(EXERCISE INSTRUCTIONS): An exact copy of all the lines below is required, with every image left out.

(PROVIDED DATA):
——

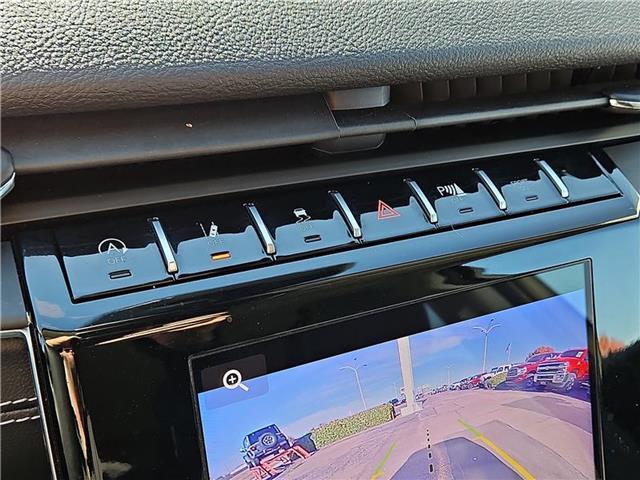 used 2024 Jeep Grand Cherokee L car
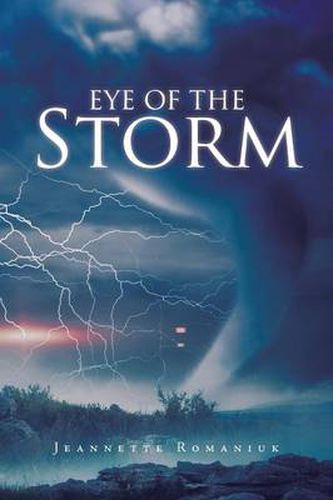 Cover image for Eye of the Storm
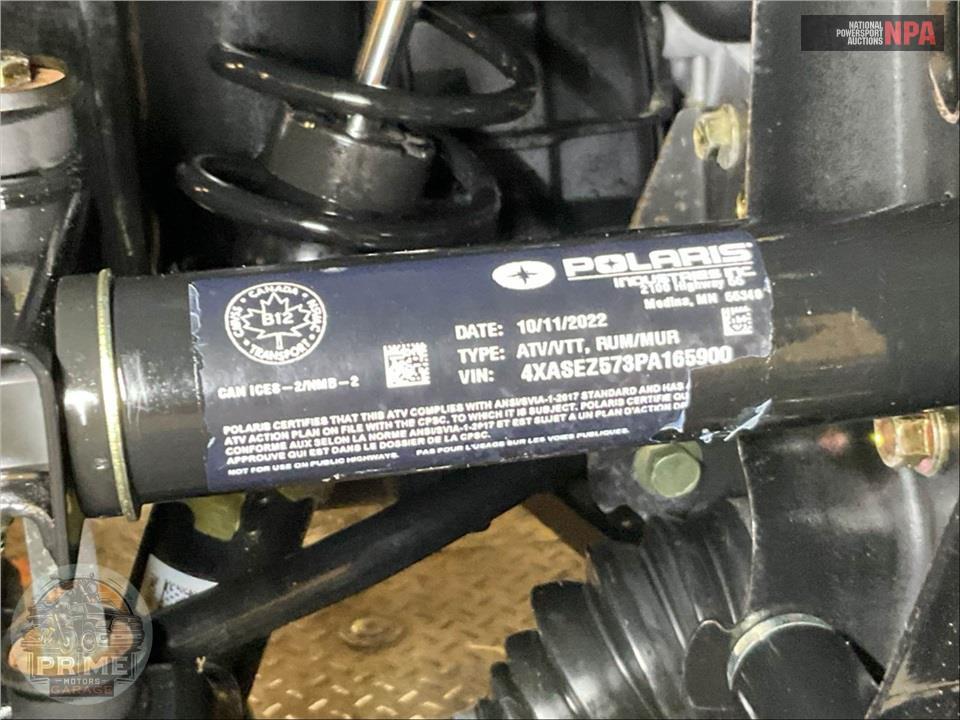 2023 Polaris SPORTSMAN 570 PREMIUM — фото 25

——

(RESULT):
 used 2024 Jeep Grand Cherokee L car
 Cover image for Eye of the Storm
 2023 Polaris SPORTSMAN 570 PREMIUM — фото 25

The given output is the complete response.